The basic idea behind a VPN is to intercept IP packets, encipher/decipher them, and then pass them along. The VPN client and VPN server both listen for activity from two sources: an Internet-facing socket and a virtual network interface TUN. The TUN device is assigned an IP address and a route is configured to direct traffic to it. For example, when browsing the web on the client, the IP packets from the browser are routed to the TUN device. The VPN client reads IP packets from TUN, enciphers them, then sends them to the VPN server via a regular UDP or TCP socket over the Internet. The VPN server receives the enciphered IP packets over the socket, deciphers them, then writes them to its TUN device. The opposite direction is similar: the VPN server reads IP packets from TUN, enciphers them, then sends them to the VPN client. The VPN client receives the enciphered IP packets, deciphers them, then writes them to its TUN device.

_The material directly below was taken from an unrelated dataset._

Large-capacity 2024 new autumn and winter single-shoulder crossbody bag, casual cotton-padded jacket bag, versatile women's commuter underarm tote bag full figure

In the latest revision of my VPN software, I have eliminated the handshake entirely to achieve total statelessness. This allows for more robust roaming and simplifies the protocol. VPNCrypt uses a custom mode on top of Xoofff that resembles SIV. In a nutshell, the mode is efficient and has a robustness feature: if packet metadata is accidentally reused, the packet plaintext is not immediately leaked. The authentication tag is 128 bits in length which means identical metadata would need to be reused about 264 times for there to be a 50% chance of keystream reuse.
The client and server communicate via UDP packets. UDP is lightweight, stateless, unordered and potentially unreliable. Therefore, both the client and server must be able to exchange packets in a stateless way. For each encipherment/decipherment, the packet is enciphered/deciphered using a SIV-like mode with the packet type, client ID, server ID, timestamp and counter as metadata. If the sender's packet is outside of a +/- 128 second window relative to the receiver's clock, then it is dropped. To further protect against replay attacks, the newest packet's timestamp is cached at the receiver's end and any packet more than 5 seconds old relative to the newest packet is dropped. The 32-bit counter is initialized to a random value at startup and is incremented once per packet to ensure semantic security.
At first sight, it may seem that using a protocol in which packets can be lost is a bad thing. But actually, this is just because UDP is a very lightweight layer on top of IP and just inherits the properties of raw IP packets. A lost UDP packet does not cause any sort of malfunction: if a client application is performing TCP communications over the UDP-based VPN and a UDP packet is lost, then the TCP protocol uses its built-in mechanisms to resend the lost packet. If a client application is performing UDP communications over the UDP-based VPN and a UDP packet is lost, then it is no different than if not using a VPN at all. It is for this reason that UDP is desirable for VPN communications: it is the closest you can get to raw IP packets while still being accessible from user space.